Troisième contrainte : les délais. L’action en nullité d’une délibération se prescrit par trois ans en droit commun, mais les contentieux d’augmentations de capital relèvent de la forclusion de trois mois à compter de l’assemblée suivante, comme l’a appliqué la cour d’appel de Paris en janvier 2026. Et l’arrêt parisien ajoute une exigence souvent fatale aux minoritaires dormants : le demandeur qui assistait aux assemblées, recevait les convocations et connaissait les délibérations ne peut pas feindre la découverte tardive pour échapper à la prescription — sa parfaite connaissance des actes contestés rend sa demande tardive manifestement abusive. Voter contre, poser des questions écrites avant le 24 septembre, faire constater ses réserves au procès-verbal : ces gestes ne sont pas seulement du militantisme actionnarial, ce sont les pièces qui feront, six mois plus tard, la recevabilité et la crédibilité du recours.

Les intérêts opposés, au stade du contentieux, sont asymétriques. La société et la majorité veulent la sécurité juridique : une fois les résolutions votées et publiées, les augmentations de capital sont souscrites, les fonds levés, les rémunérations versées — revenir en arrière coûte cher et effraie les tiers. Le minoritaire veut l’annulation ou, à défaut, la négociation : son action, même fragile, est un levier pour obtenir des informations, un rachat de ses titres ou un aménagement. Les juges arbitrent par les délais et la charge de la preuve, qui protègent la stabilité des délibérations.
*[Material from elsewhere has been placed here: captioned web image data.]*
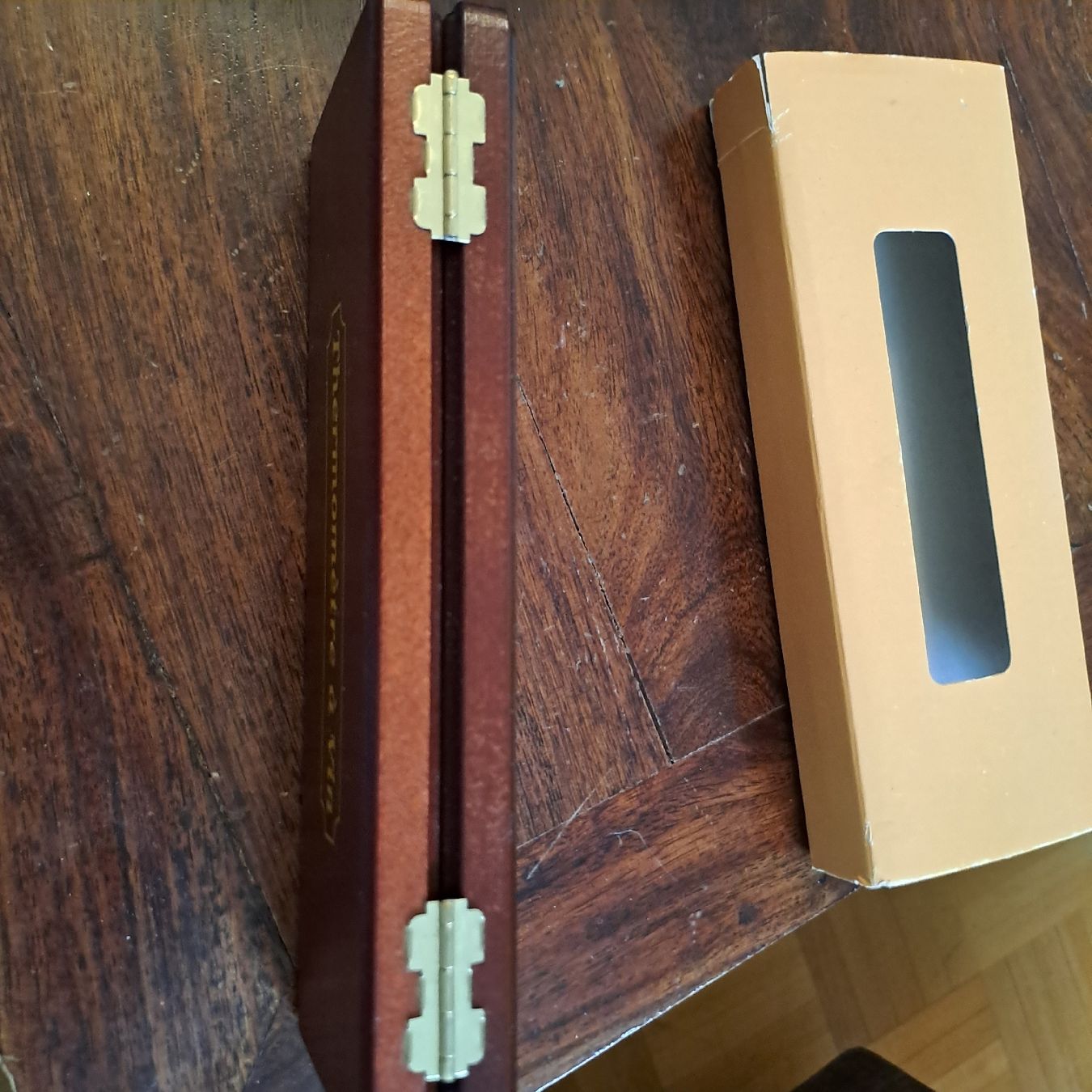 Altro per la casa: VINTAGE THERMOMÈTRE A VIN – Usato da Oberengstringen venduto da ger_v5h5 3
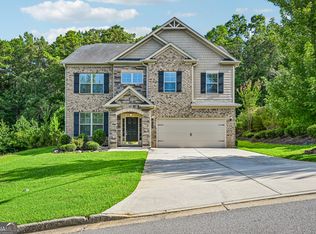 198 Hickory Pointe Dr, Acworth, GA 30101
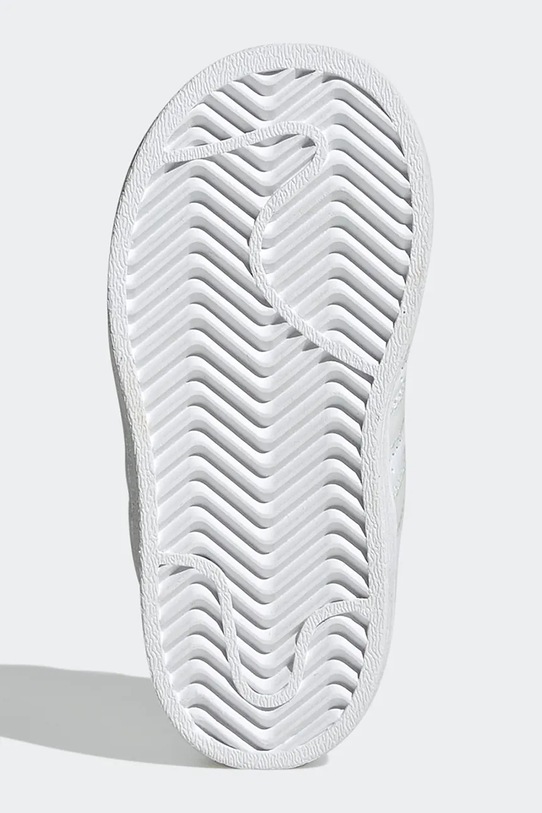 Dětské tenisky adidas Originals SUPERSTAR LED LIGHTS JQ6418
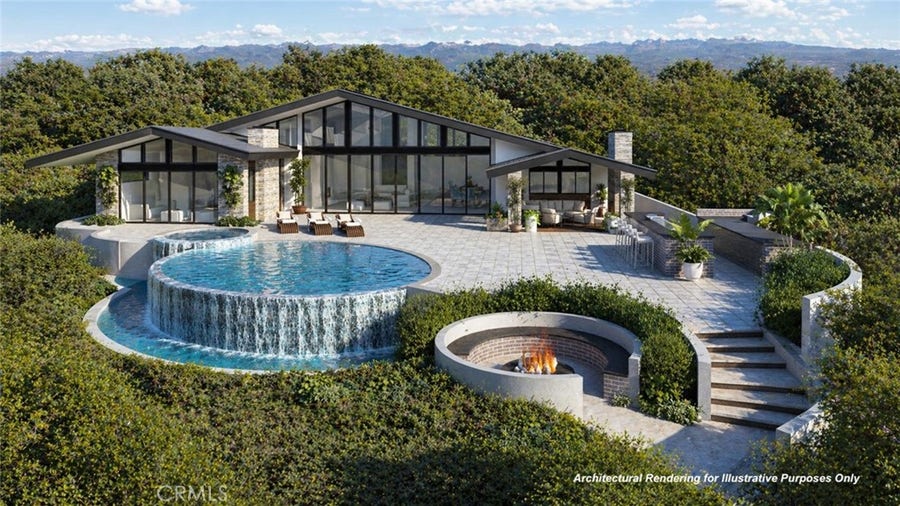 Property photo for 4 Spur Lane, Rolling Hills, CA
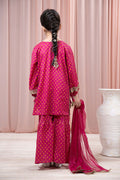 Maria B | Girls Eid Collection | MKD-EF24-15 - Pakistani Clothes for women, in United Kingdom and United States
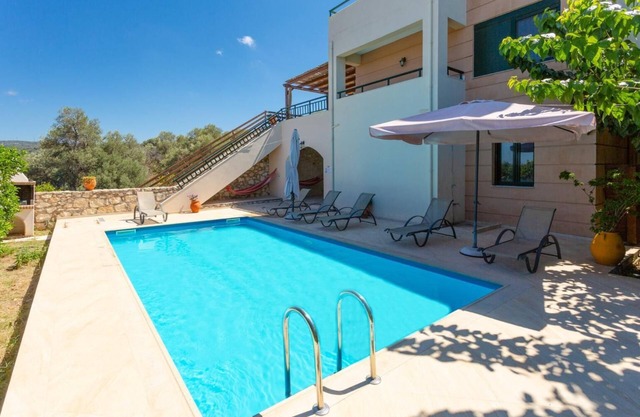 Villa Gerani Panorama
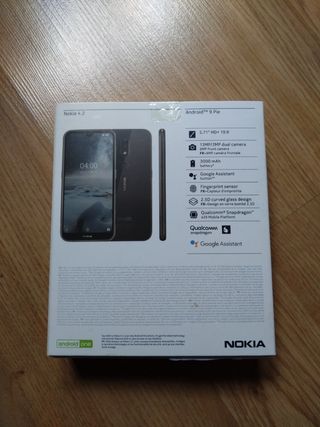Nokia 4.2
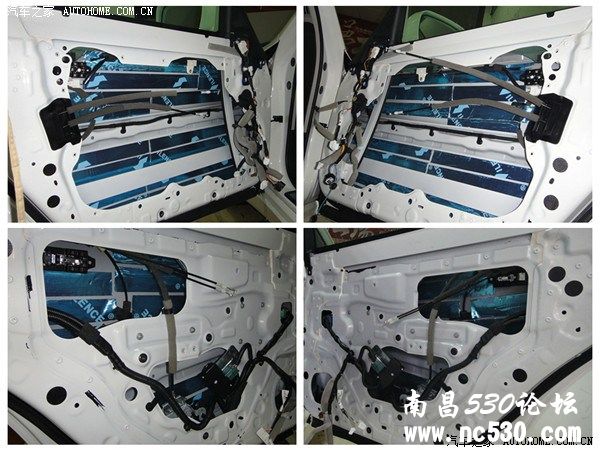 【原声源】致情致盛，完美体验——原声源英菲尼迪全车隔音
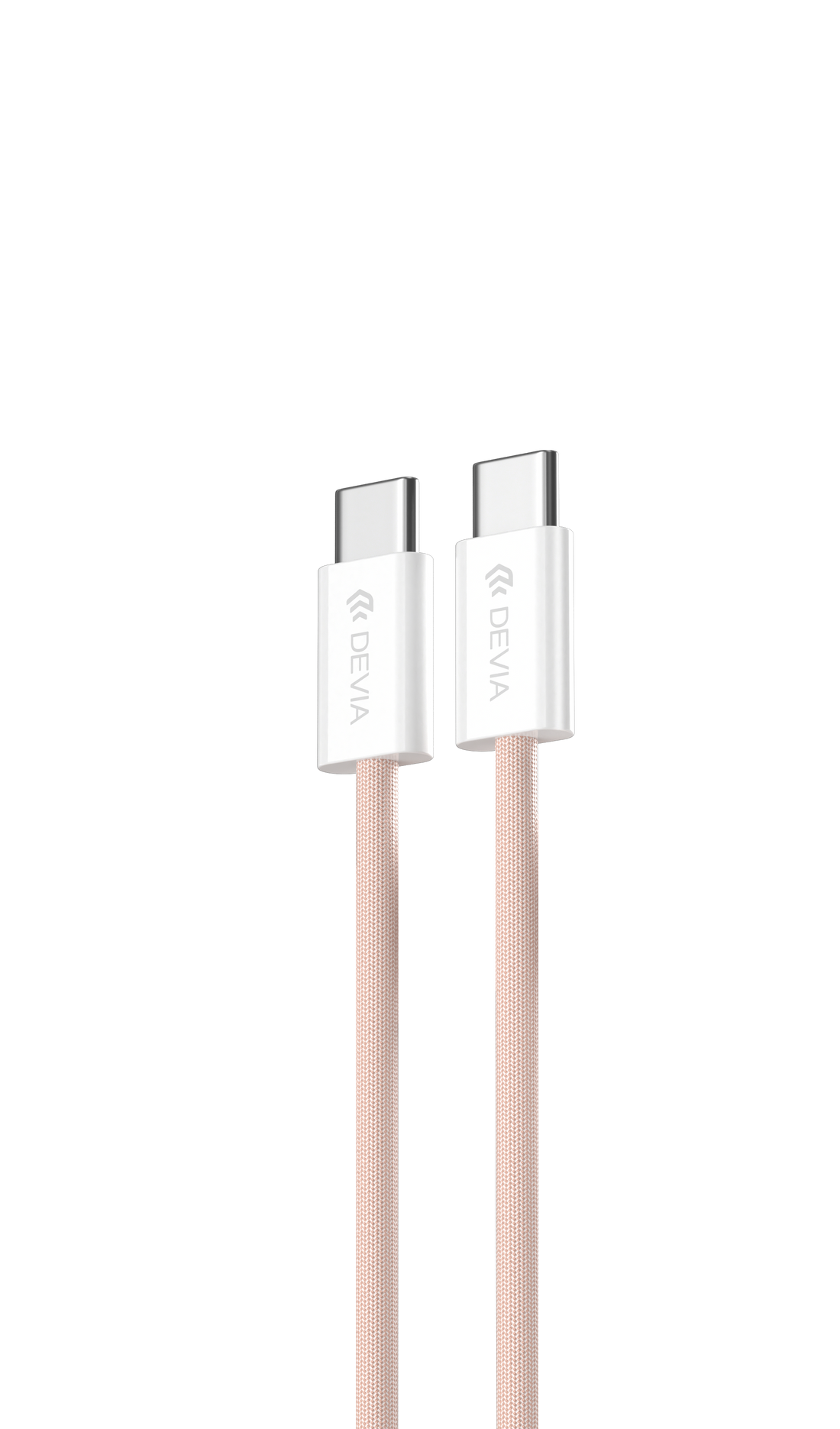 DEVIA EC325 Smart Series PD Cable USB-C to USB-C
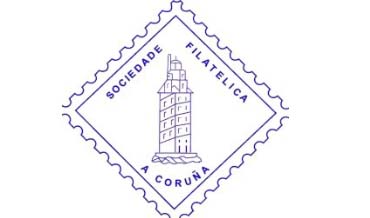 A Coruña informa: Charla y Socio de Honor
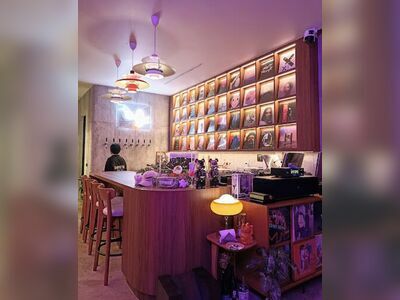 Down Tap House Bar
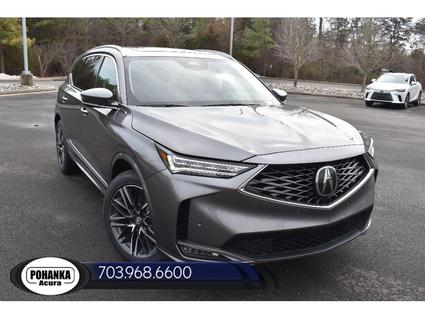2026 Acura MDX Chantilly VA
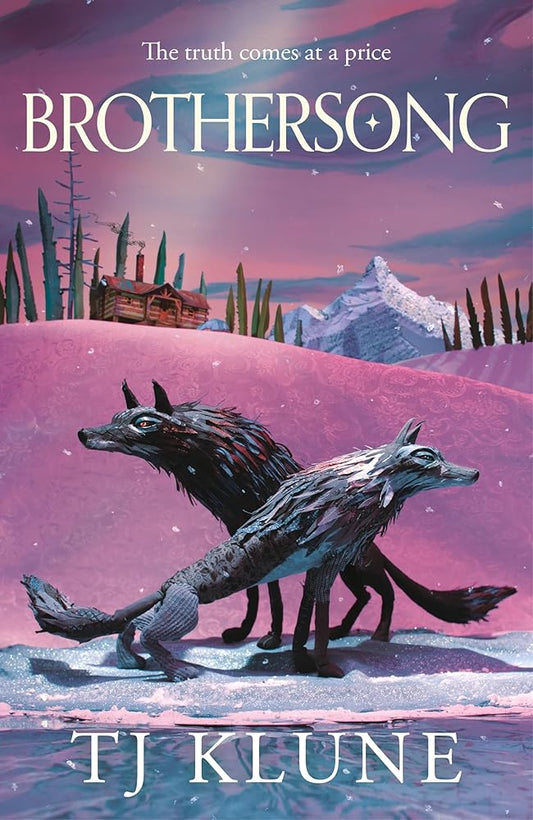 Brothersong - MAKES SENSE TO ME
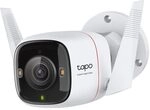Tapo TP-Link C325WB &Uuml;berwachungskamera Au&szlig;en, ColorPro Nachtsicht, Objektiv mit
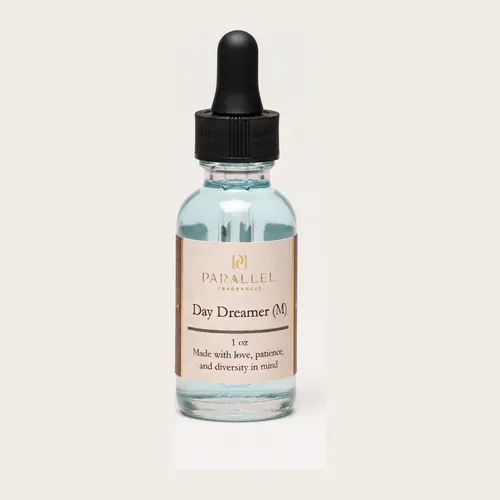 Day Dreamer - Men's Fragrance Body Oil
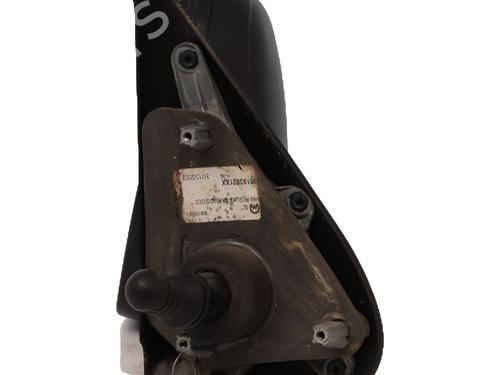 Used Left mirror Left mirror PEUGEOT PARTNER Box Body/MPV (5_, G_) 1.6 HDi 75 (75 hp) 34721859 34721859
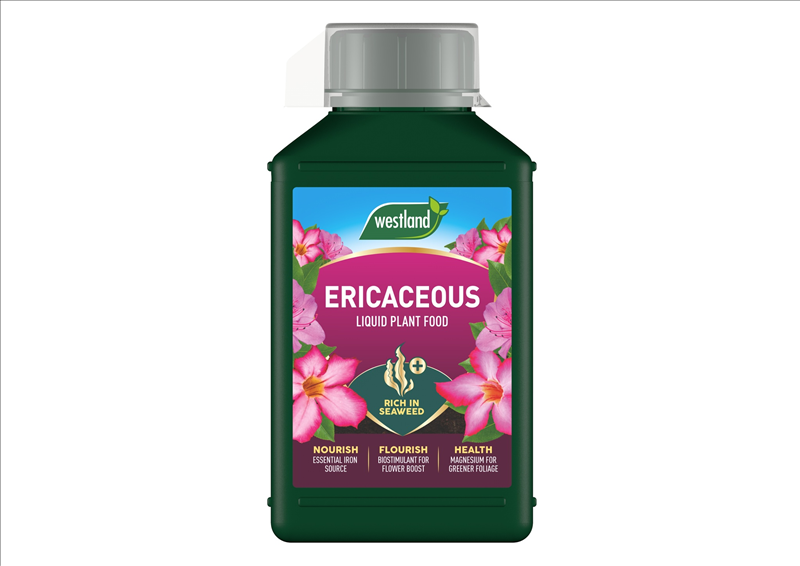Gro-Sure Ericaceous Liquid 1L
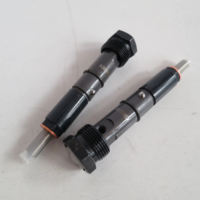 Inyector de Combustible para Motor Diésel 4BT3.9 6BT5.9, Piezas de Repuesto 3911340 3919331 3802338 3914472
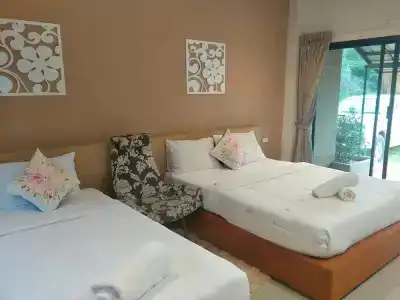 Suwi Coco Ville Resort - 60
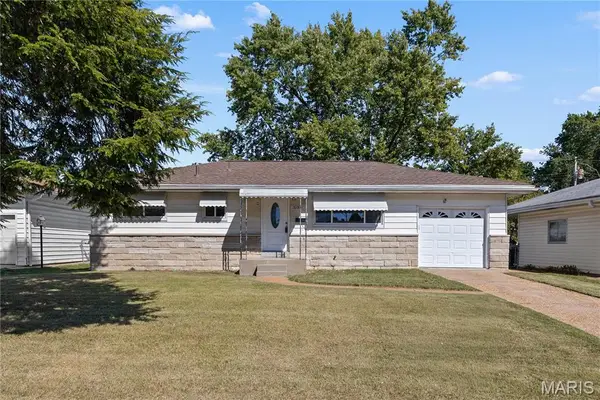 515 Myrtle Drive, Florissant, MO 63031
Et la transposition à la PME doit rester prudente : dans une SAS de trois associés, l’abus de majorité existe bel et bien et l’action en nullité vise la société seule, mais le contentieux y est plus brutal — expertise, blocage des comptes, dissolution pour mésentente parfois préférée à l’annulation — et ses coûts dépassent vite l’enjeu quand la société ne vaut que quelques centaines de milliers d’euros. Le réflexe utile, en PME comme en société cotée, est le même : écrire avant de subir, dans les statuts ou le pacte, les majorités renforcées, les droits de sortie et les clauses de prix qui éviteront d’avoir à plaider l’abus après coup.

Pour comprendre comment ces mécanismes s’articulent dans votre propre société — majorités statutaires, protection contre la dilution, contestation d’une délibération ou négociation d’une sortie — l’analyse d’un avocat en droit des sociétés à Paris permet de vérifier, pièces en main, ce que votre vote a décidé et ce qu’il reste à défendre.

Conclusion

L’assemblée Ubisoft du 30 septembre 2026 est une leçon de pouvoir à ciel ouvert : vingt-sept résolutions, six votes sur la paie d’une famille dirigeante, une série de délégations qui permettront d’augmenter le capital avec ou sans les actionnaires actuels, et un vote minoritaire qui compte sans décider dès lors que la majorité est organisée. Le droit donne au petit porteur des instruments réels — le double vote say on pay qui peut suspendre et corriger, le droit préférentiel de souscription qui ne tombe que résolution spécifique par résolution spécifique, des délégations bornées à vingt-six mois et à un plafond, et après le vote, la nullité pour violation d’une règle impérative et l’abus de majorité sans mise en cause obligatoire des majoritaires — mais chacun de ces instruments est enfermé dans des majorités calculées sur les seuls votes exprimés et dans des délais qui se comptent parfois en trois mois. Pour l’associé de PME, la transposition tient en quatre gestes : voter à chaque fois au lieu de s’abstenir, exiger des résolutions distinctes pour chaque suppression de droit, écrire dans le pacte les majorités et les sorties avant le conflit, et contester vite ou se taire. Le pouvoir de l’associé, coté ou non, s’exerce avant l’assemblée dans les textes et en séance dans les votes ; après le dépouillement, il ne reste que le juge, et le juge protège d’abord la stabilité de ce qui a été voté.